A faithful transcription of all the data, images excluded, is the required answer.

■ **THE DATA**:
▽
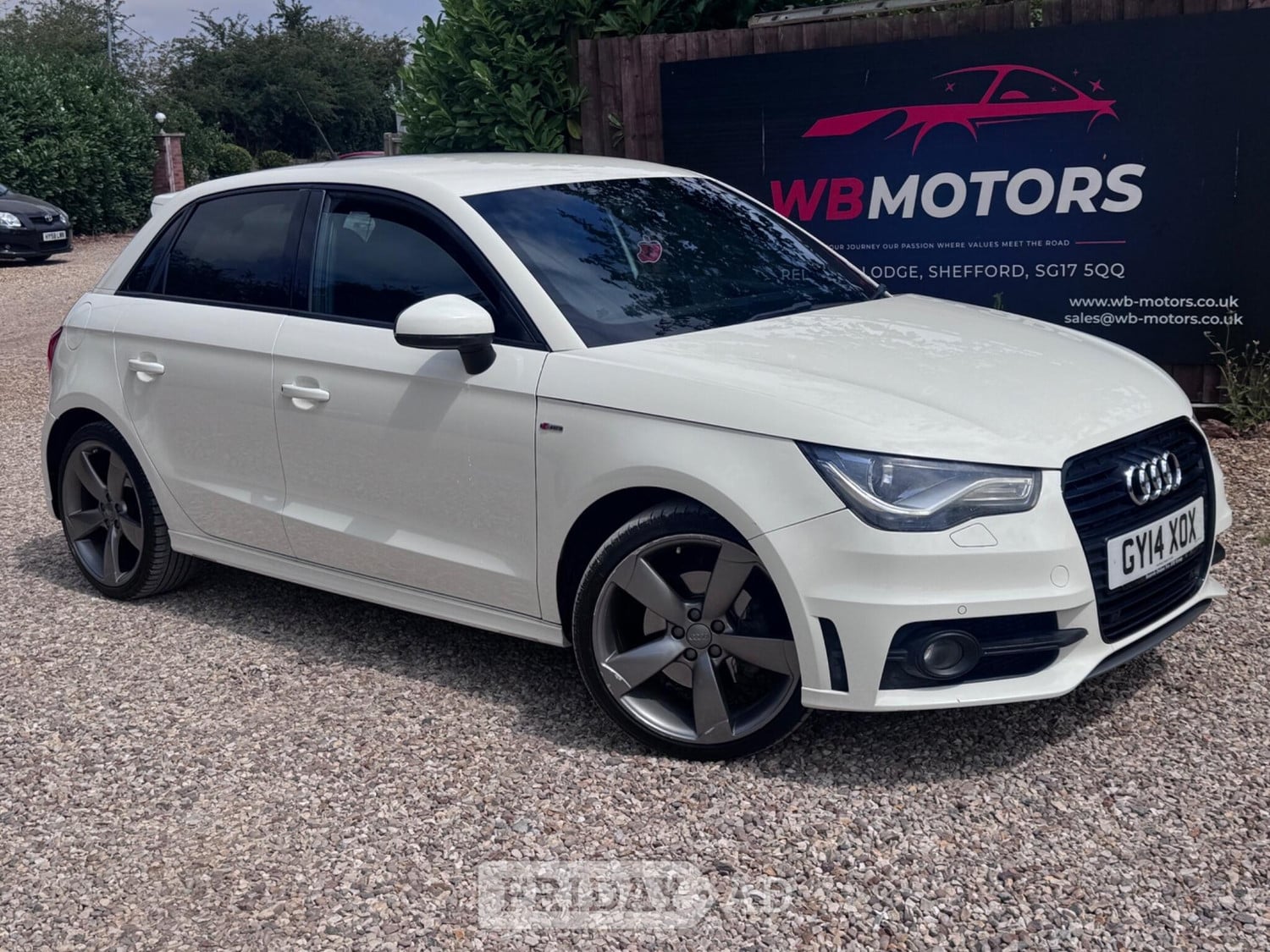 Audi A1 2014 in Shefford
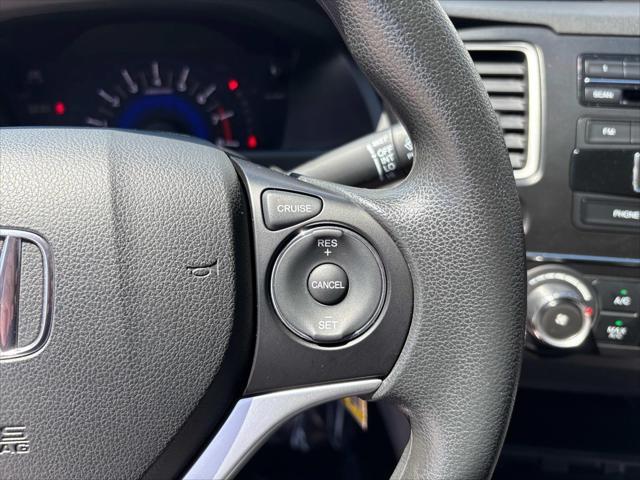 used 2015 Honda Civic car, priced at $13,881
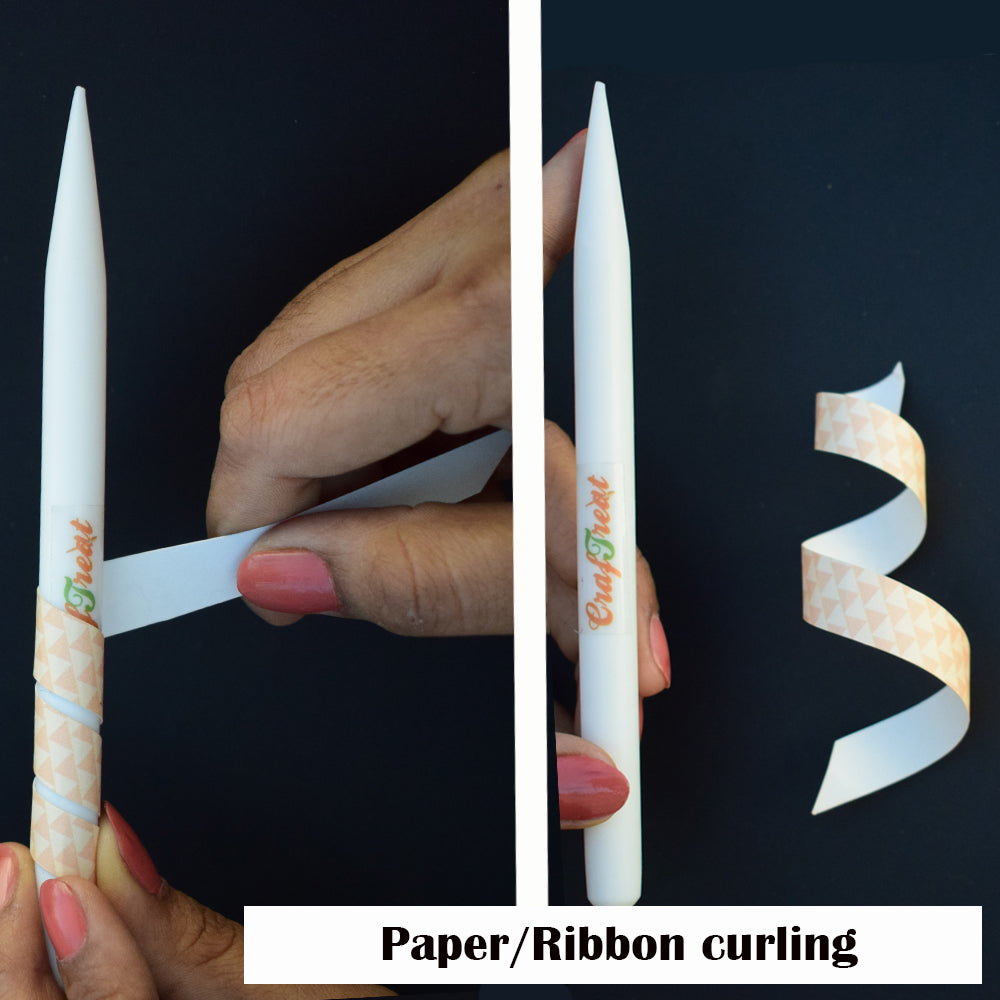CrafTreat Teflon Pencil Bone Folder - Creaser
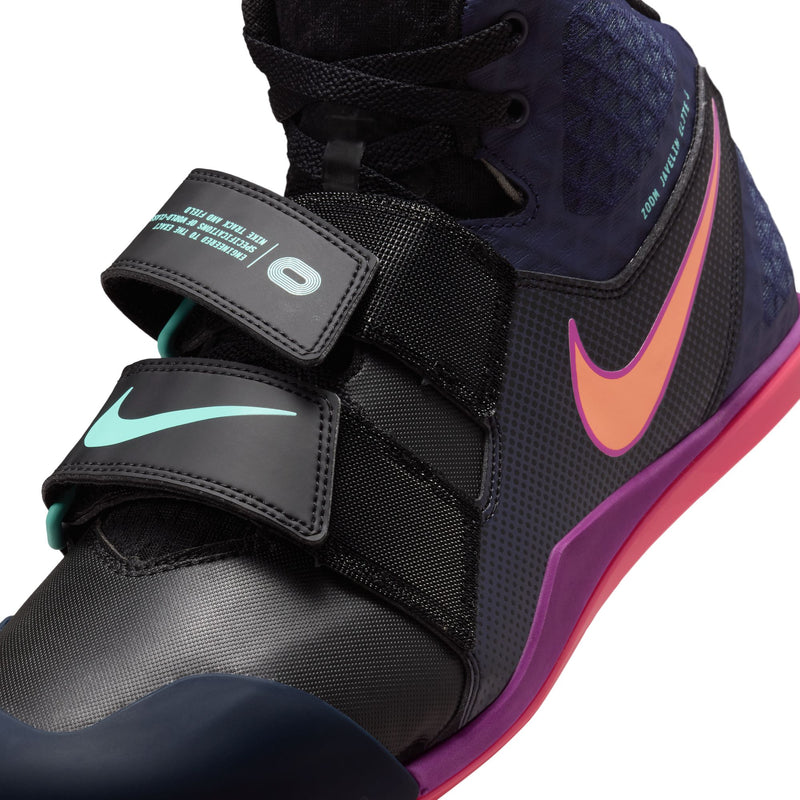 Unisex Zoom Javelin Elite 3 (002 - Black/Orange Pulse-Obsidian)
△
■ **ANSWER TO THE PROBLEM**:
 Audi A1 2014 in Shefford
 used 2015 Honda Civic car, priced at $13,881
CrafTreat Teflon Pencil Bone Folder - Creaser
 Unisex Zoom Javelin Elite 3 (002 - Black/Orange Pulse-Obsidian)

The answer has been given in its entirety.